EXERCISE: Could you output the whole listing exactly as it stands, minus any images?

INFORMATION PROVIDED:
=== Section Start ===

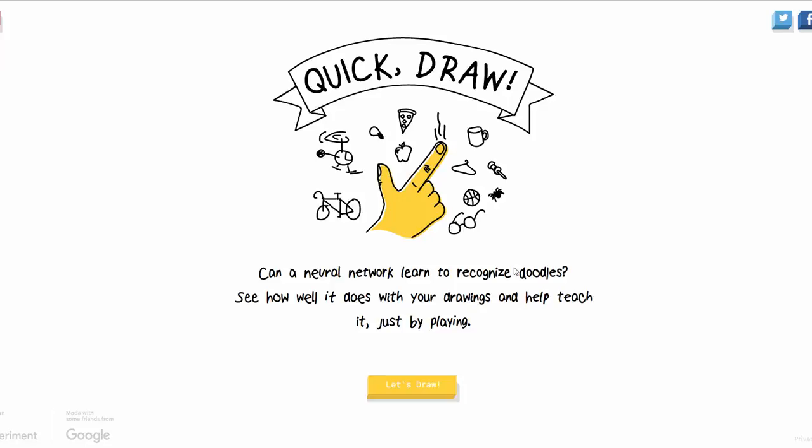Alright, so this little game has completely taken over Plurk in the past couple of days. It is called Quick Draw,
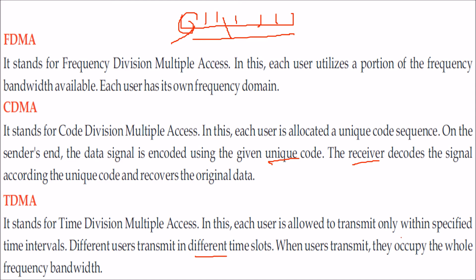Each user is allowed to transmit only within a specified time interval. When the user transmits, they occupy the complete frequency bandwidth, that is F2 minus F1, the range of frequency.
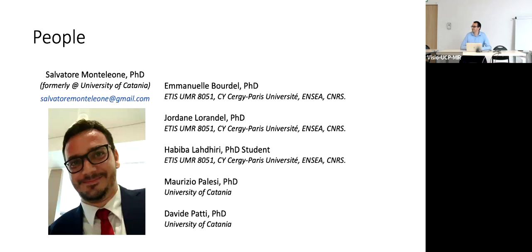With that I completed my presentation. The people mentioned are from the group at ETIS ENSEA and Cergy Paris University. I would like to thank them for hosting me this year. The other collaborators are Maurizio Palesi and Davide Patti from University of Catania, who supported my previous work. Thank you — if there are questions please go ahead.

=== Section End ===

PROBLEM SOLUTION:
Alright, so this little game has completely taken over Plurk in the past couple of days. It is called Quick Draw,
Each user is allowed to transmit only within a specified time interval. When the user transmits, they occupy the complete frequency bandwidth, that is F2 minus F1, the range of frequency.
With that I completed my presentation. The people mentioned are from the group at ETIS ENSEA and Cergy Paris University. I would like to thank them for hosting me this year. The other collaborators are Maurizio Palesi and Davide Patti from University of Catania, who supported my previous work. Thank you — if there are questions please go ahead.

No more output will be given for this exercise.